As early as 1748, “Deutsch” families moved to present-day Guilford and Alamance counties from Pennsylvania to establish Lutheran and German Reformed communities. Among them were families with Germanic named such as Albrechts (Albrights), Brouns (Browns), Bravers (Browers), Klaps (Clapps), Cobles, Fausts (Fousts), Greffs (Graves), Holts, Ingolds, Kaubs (Cobbs), Laus (Lows), Nichts (Nix), Shaffners (Shoffners), Sohmers (Summers), Trollingers, and Weitzels (Whitesells).
The history of the Sohmers (Summers) family is typical of Guilford’s earliest Germanic settlers. German-born Jacob and Margaret Summers married in their homeland in 1751, and set sail for Philadelphia a few months later. They remained in Pennsylvania briefly before setting out for affordable land in North Carolina, establishing their new life in present-day Guilford County in 1752. They worshipped with neighboring German Lutheran and Reformed settlers at the nearby Schumacher’s Church (established around 1745) and established their family holdings along the Reedy Fork during North Carolina’s Colonial Period.

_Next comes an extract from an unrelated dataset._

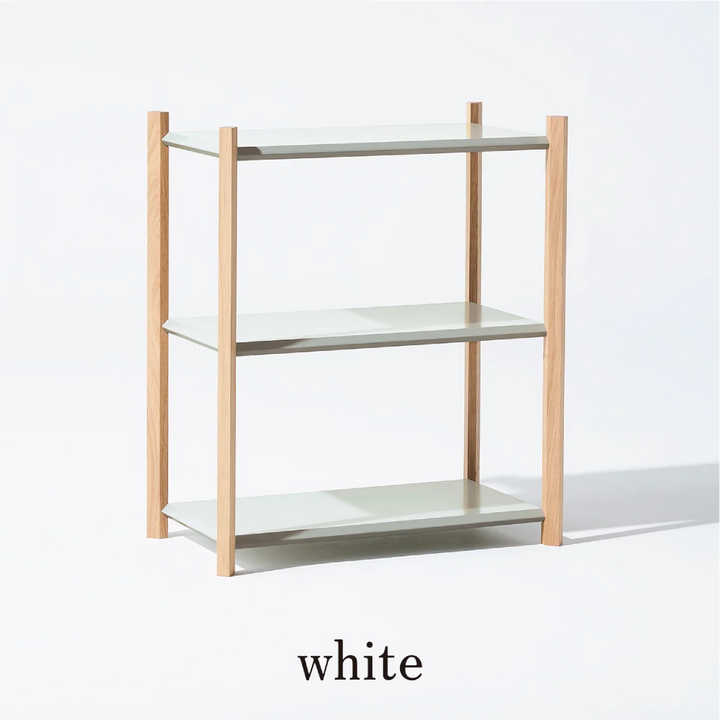 【受注生産】オープンシェルフ｜Baguette shelf｜3shelves（3段×1列）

Their eldest son Peter was a celebrated patriot in the Revolutionary War Battle of Weitzel’s Mill, and was a prominent member of Friedens Lutheran Church. Peter survived his first wife to marry Barbara Coble, the mother of Ludwick Summers (1795–1871). Upon young Ludwick’s marriage to Margaret Gerringer in 1818, he purchased 100-acres of land in eastern Guilford County and immediately erected the surviving two-story house overlooking the Reedy Fork. Ludwick became a wealthy and powerful planter in his lifetime, amassing 4,425 acres of land, two water-powered grist and lumber mills, and thirty-four slaves by 1850.

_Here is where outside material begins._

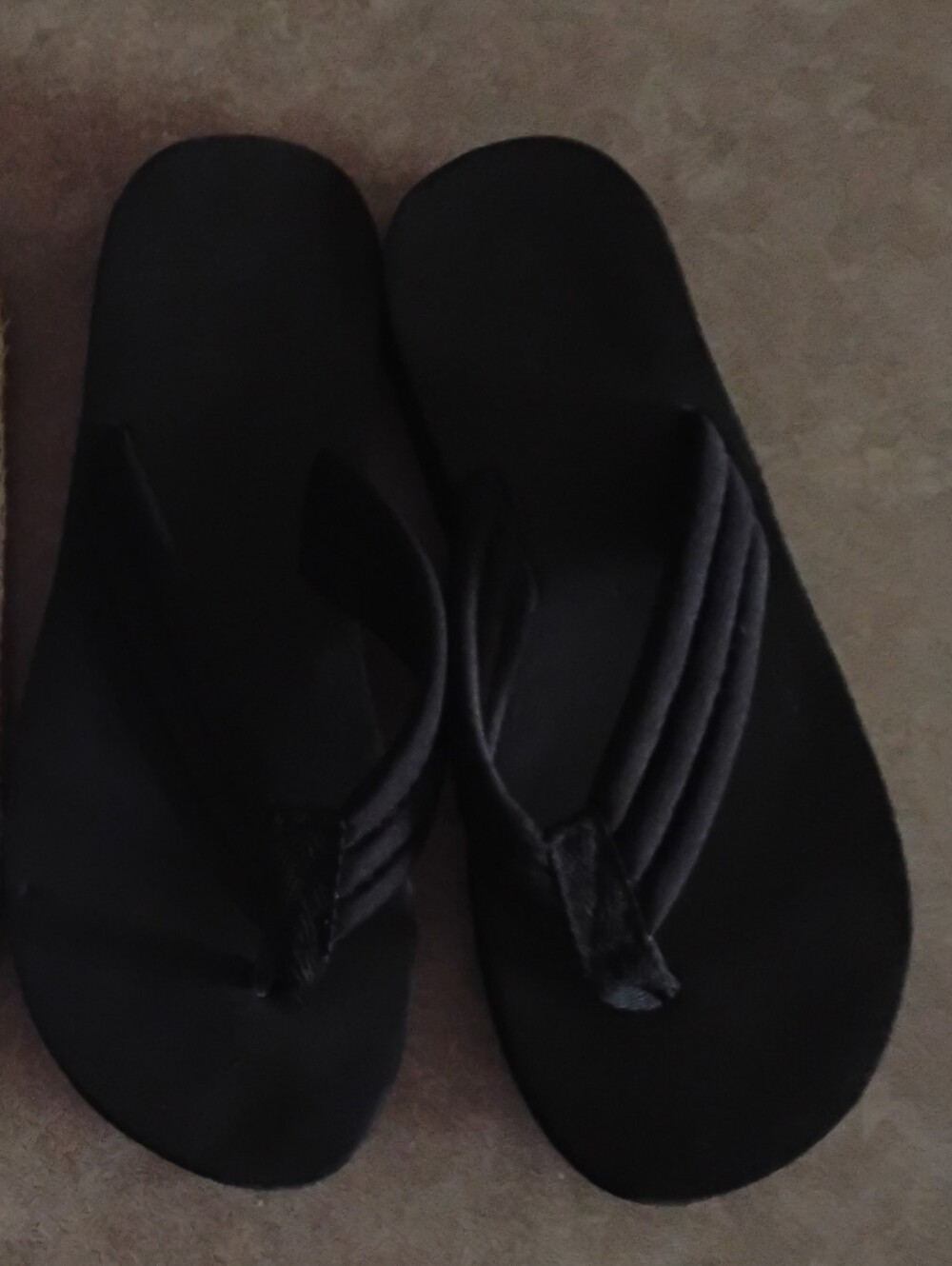Women’s Black Foam Flip Flops - Comfortable Everyday Sandals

The Summers House is a notable example of upper-income Guilford County residential architecture in the early nineteenth century. Likely constructed in 1819, the home features a double-story porch and unusually fine trim work such as dentil moldings and a scalloped fascia board adorning the porch. The massive and well-constructed stone foundation and chimneys illustrate the expert craftsmanship and attention to detail lavished on the house by the then-young Summers. Interior appointments include ten- to eighteen inch wide wallboards, and a striking S-shaped staircase (image, left), the only known example in Guilford County. Nearby, a cut stone spring house provided a cool place for dairy products to be stored in the days before refrigeration (image, left).

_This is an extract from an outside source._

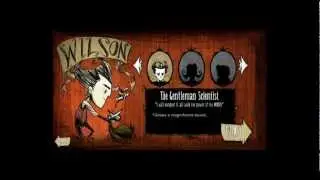 Don't Starve: 1 - Figuring Things Out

The Ludwick Summers House stands today as one of a small number of intact frame early nineteenth century homes in Guilford County. The house was larger and more distinctly finished than typical county residences of the time. It is illustrative of the relative wealth of the family and provides a tangible connection to Guilford County’s early Germanic history. The Summers House is currently being carefully restored for use as a private residence. With this designation, Guilford County now hosts 88 Landmark-designated properties that are preserved for future generations to explore and enjoy. Guilford County’s Landmark designation program has been active since 1980. It is a voluntary program that couples limited tax deferral with a permit process for alterations to historic features.
A detailed history of the Summers House by Heather Fearnbach is on file with the Guilford County Historic Preservation Commission.